Semi-supervised deep learning based on label propagation in a 2D embedded space
This addresses the labor-intensive need for large labeled datasets in image classification, offering a practical solution for domains with scarce labeled data, though it is incremental as it builds on existing semi-supervised and embedding techniques.
The paper tackles the problem of training deep neural networks with limited labeled data by proposing a semi-supervised loop that uses t-SNE and Optimum-Path Forest for label propagation in a 2D embedded space, resulting in significant classification improvements on test data using only 1% to 5% of supervised samples across five datasets.
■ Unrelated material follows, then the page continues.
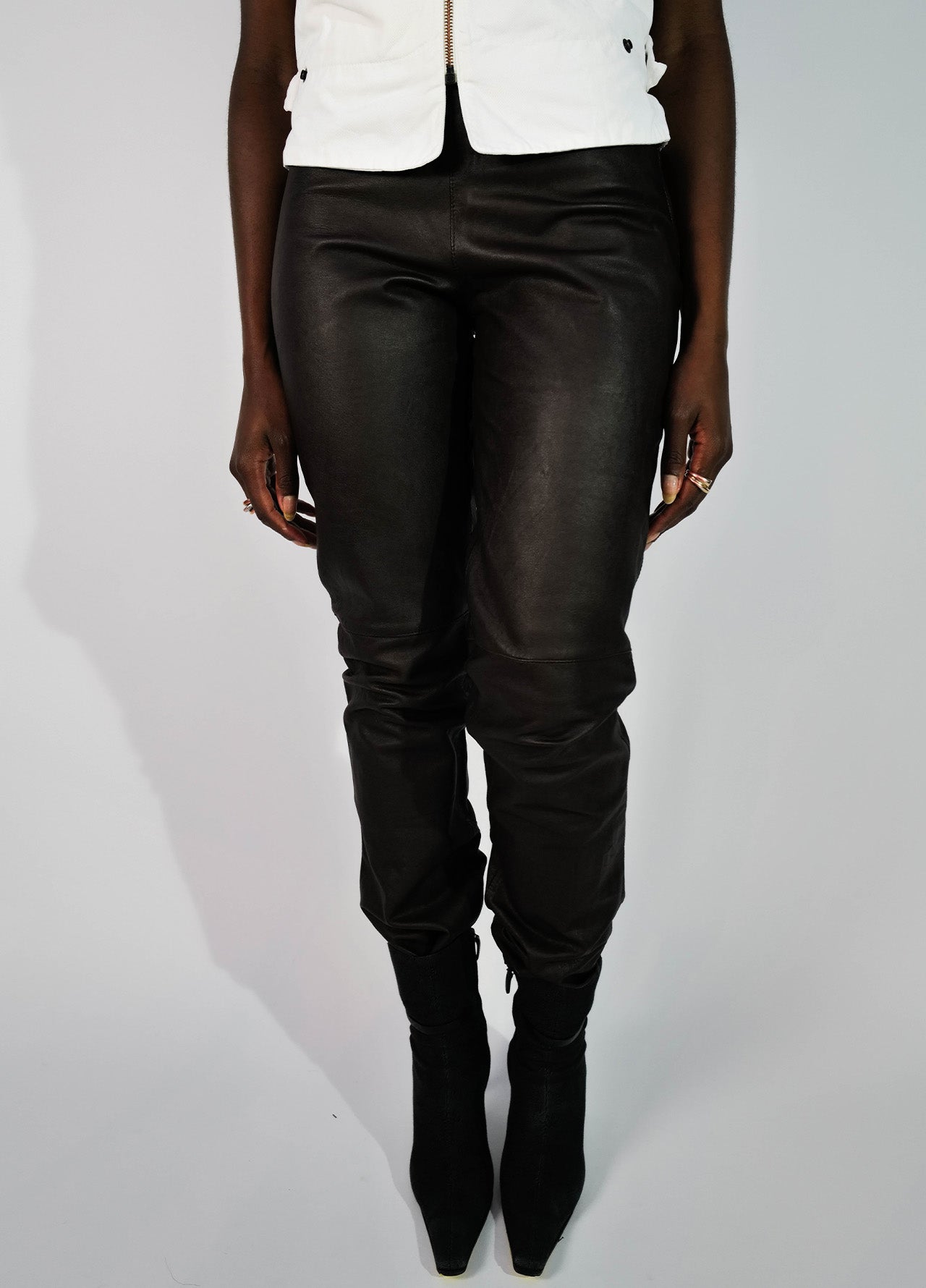 PANTALON_CUIR_LA_PELLERIA_VINTAGE_90_S_01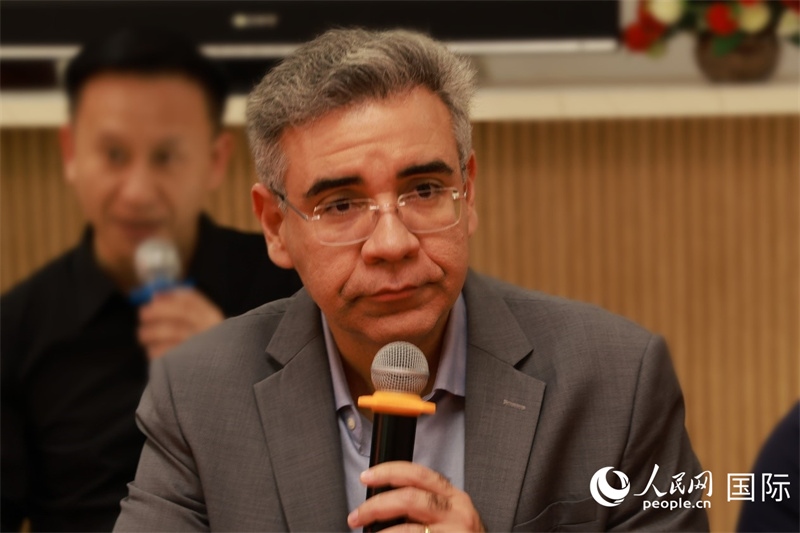 巴西弗魯米嫩塞聯(lián)邦大學(xué)教授、中國問題專家埃萬德羅·卡瓦略在座談會上致辭。人民網(wǎng)記者 陳海琪攝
While convolutional neural networks need large labeled sets for training images, expert human supervision of such datasets can be very laborious. Proposed solutions propagate labels from a small set of supervised images to a large set of unsupervised ones to obtain sufficient truly-and-artificially labeled samples to train a deep neural network model. Yet, such solutions need many supervised images for validation. We present a loop in which a deep neural network (VGG-16) is trained from a set with more correctly labeled samples along iterations, created by using t-SNE to project the features of its last max-pooling layer into a 2D embedded space in which labels are propagated using the Optimum-Path Forest semi-supervised classifier. As the labeled set improves along iterations, it improves the features of the neural network. We show that this can significantly improve classification results on test data (using only 1\% to 5\% of supervised samples) of three private challenging datasets and two public ones.